Days 11-14: Go-live on WhatsApp. Email and Instagram DM were routed into the same agent in week three. The phone line stayed human-only by choice — the operator wanted a human voice for higher-value disputes.
Outcomes
After 90 days:
- Same-day resolution: 11% → 64%. Most queries (order status, stock checks, return eligibility) were resolved by the agent in under two minutes. The two-person team handled the residual queue.
- Customer service email inbox: -71%. Customers migrated to WhatsApp once they realized they got answers there in seconds.
- Time-to-deploy: 14 days. Three days longer than the typical Nordix deployment because of the computer-use integration on the legacy POS.
- Cost per customer interaction: -83%. Calculated against the fully loaded cost of the customer service team plus tooling.
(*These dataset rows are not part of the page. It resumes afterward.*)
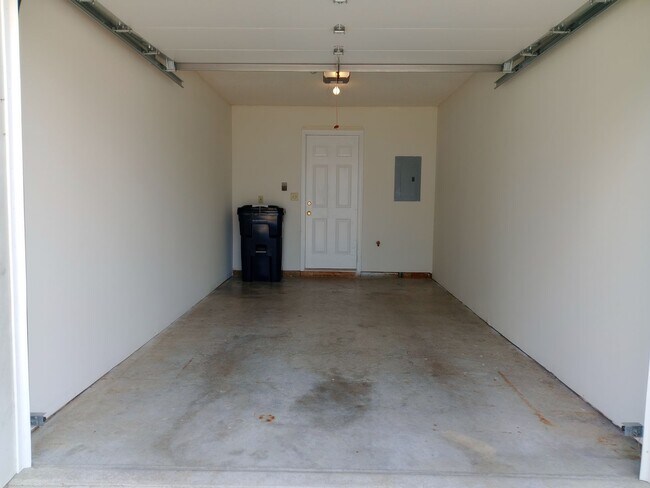 Building Photo - 210-210 Nikki Way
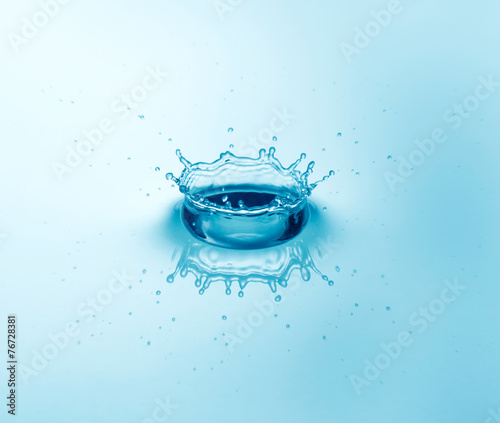 Blue water crown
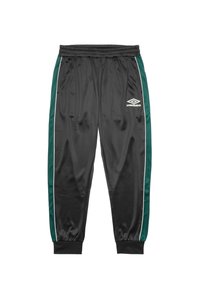 Svarta sportbyxor med gröna sidostrikar, elastisk midja och ribbade ärmslut. Har "Umbro"-logotypen i vitt framtill.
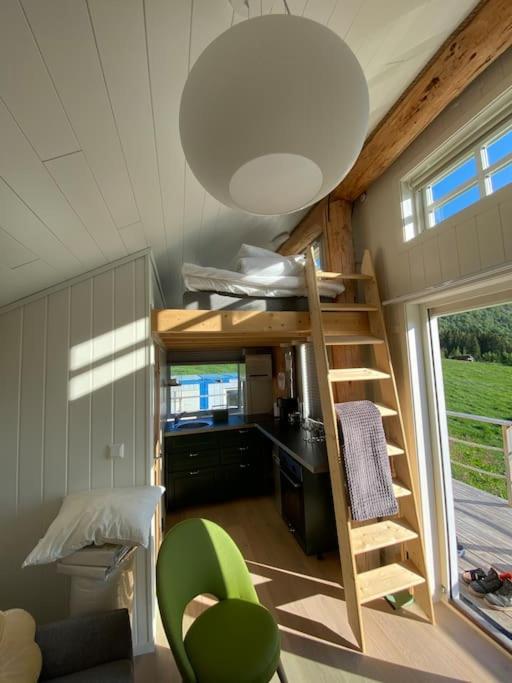 Minihus Med Drommeutsikt Til Sunnmorsalpene Apartment Aure  Bagian luar foto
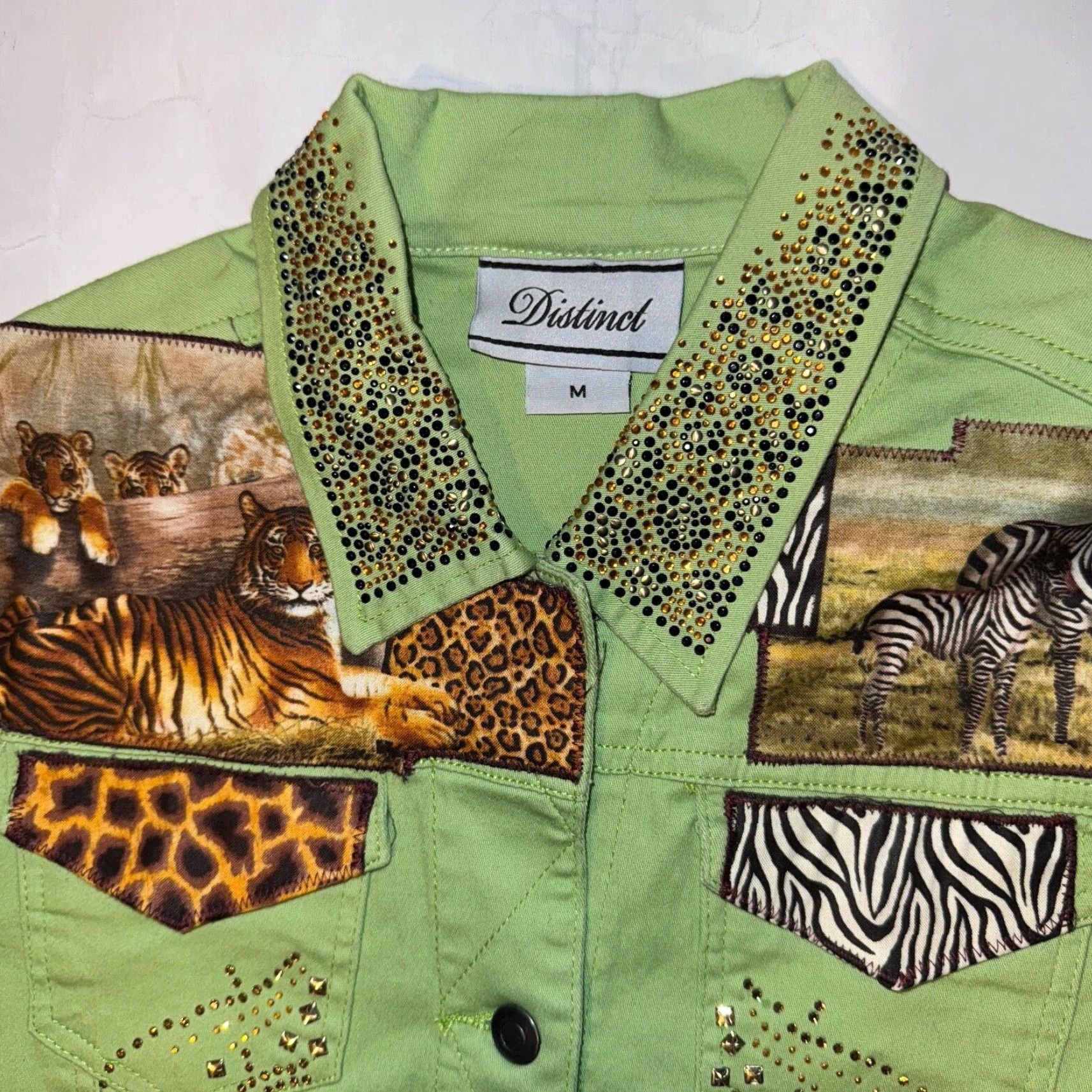 Denime VINTAGE Distinct Distinct Green Tiger Zebra Denim Jean Jacket M Rhinestones Bling Safari Zoo Jacket Shorts? Size 32" / US 10 / IT 46 - 2 Thumbnail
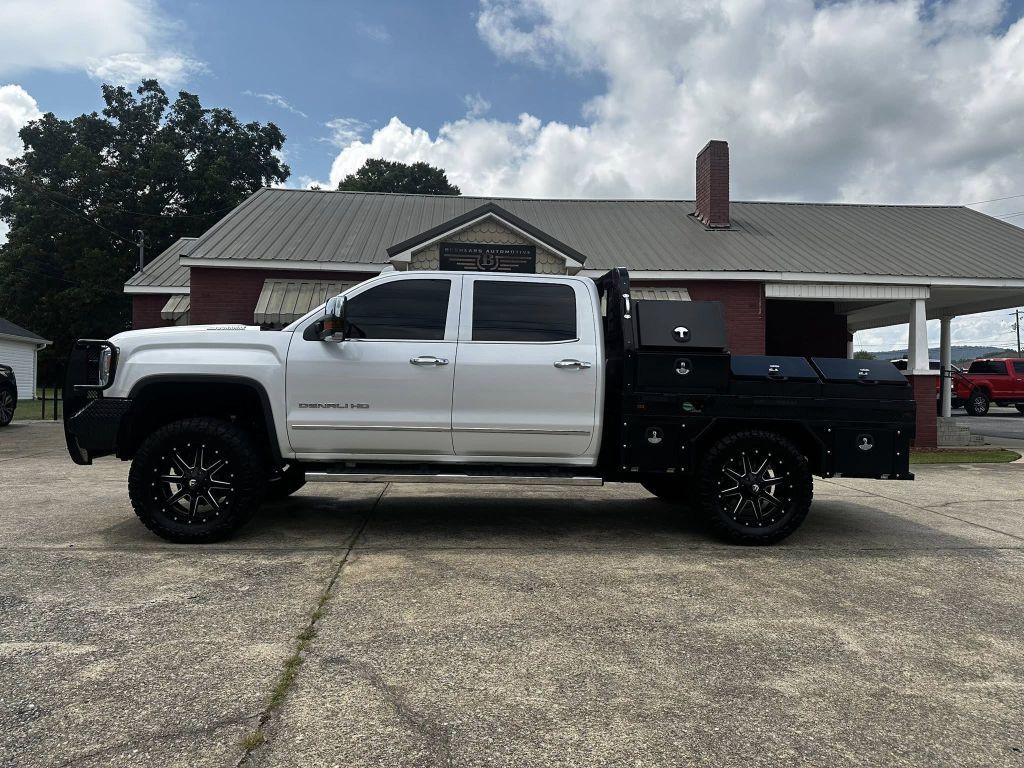 2019 GMC Sierra Image 1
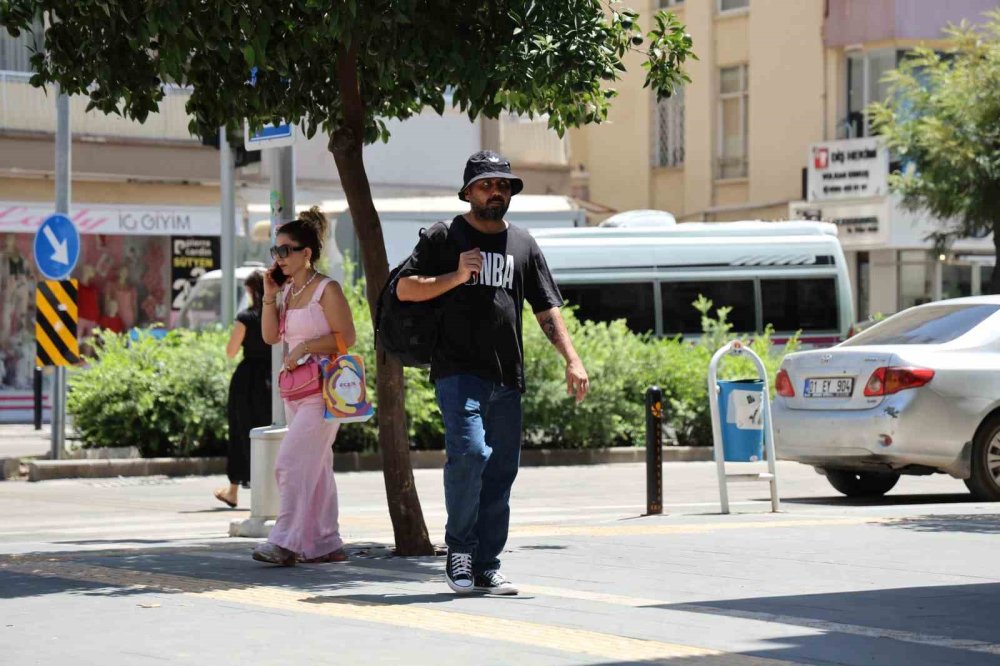 Adana’da Termometreler 42 Dereceyi Gösterdi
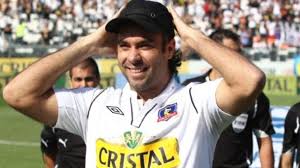 No solo porque lo comienza a vivir de la mano de un nuevo amor, el publicista y es que la pareja de la polola de los programas sabingo y yo soy le dio apendicitis y debieron operarlo de urgencia; Fernando Gonzalez Y Un Potente Mensaje De Aliento A Los Hinchas De Colo Colo En Cancha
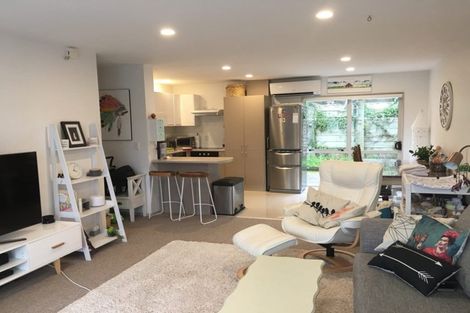 Photo of property in 2/33 Hiropi Street, Newtown, Wellington, 6021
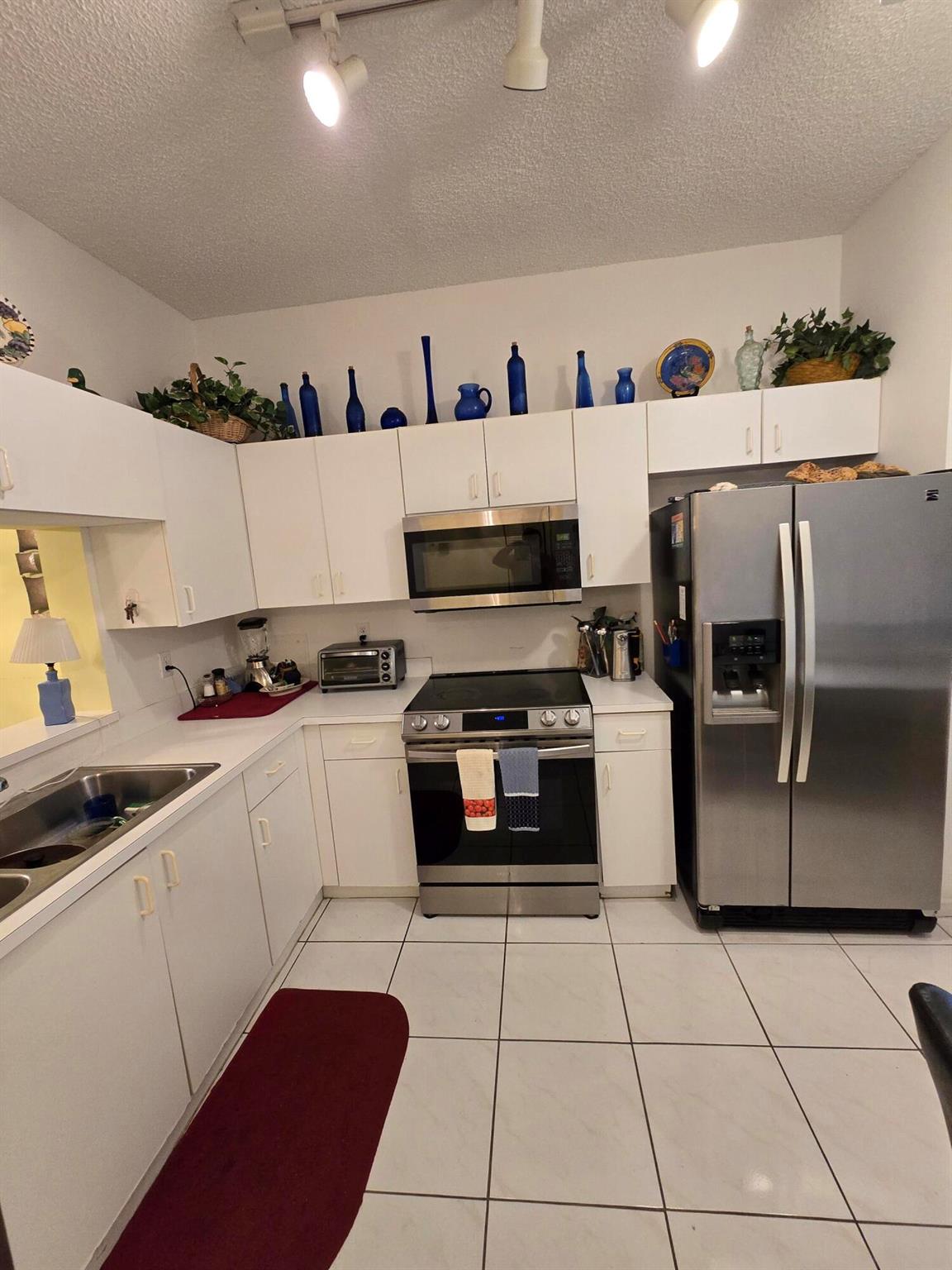 TERRACE HOMES AT BANYAN S - Residential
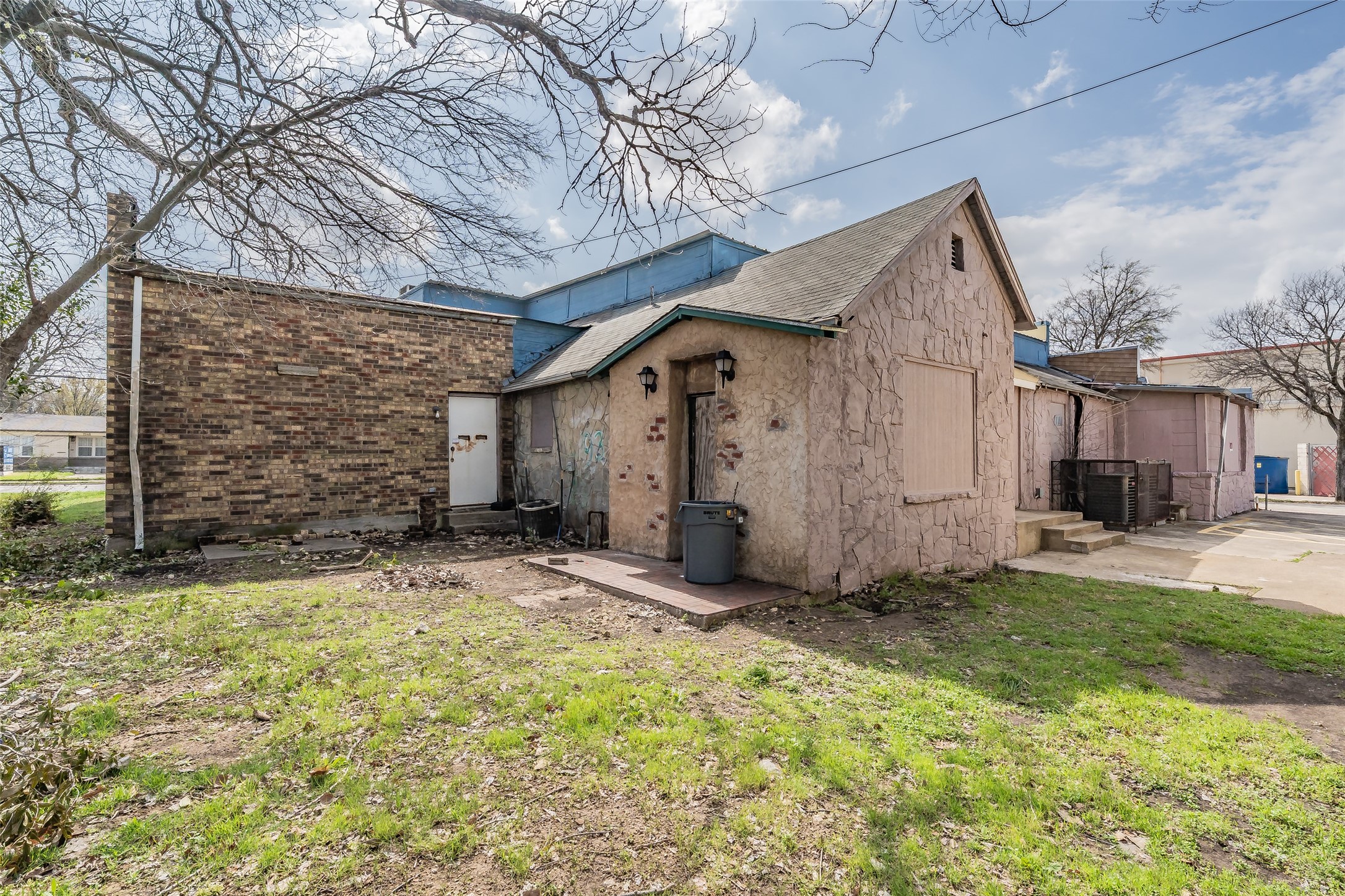 7235 Glenview Drive Richland Hills TX 76180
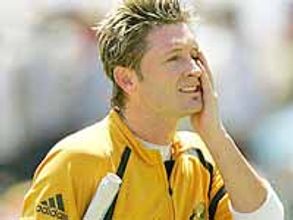 చాంఫియన్స్ లీగ్ కు క్లార్క్ దూరం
A secondary win: the conversational history became a structured data source. The merchandising team mined the most-asked stock-check questions to identify which SKUs were under-stocked in which stores — a use of the data that the email inbox had never made possible.
Lessons
Three takeaways relevant to any retailer in a similar position:
- Old POS systems are not a blocker. Computer use as a fallback means an AI agent can take real actions against software that has no API. It is slower and more expensive per action than API calls, but for low-volume operations like returns it is more than adequate.
- Channel consolidation is a side effect, not the goal. The operator did not set out to unify email, Instagram, and WhatsApp. It happened because once the agent was good, customers chose the fastest channel.
- Keep the phone human, by choice. Not every channel should be automated. The operator kept the phone line human for high-value disputes and saw NPS rise on those calls, partly because the agents on the phone now had time to actually listen.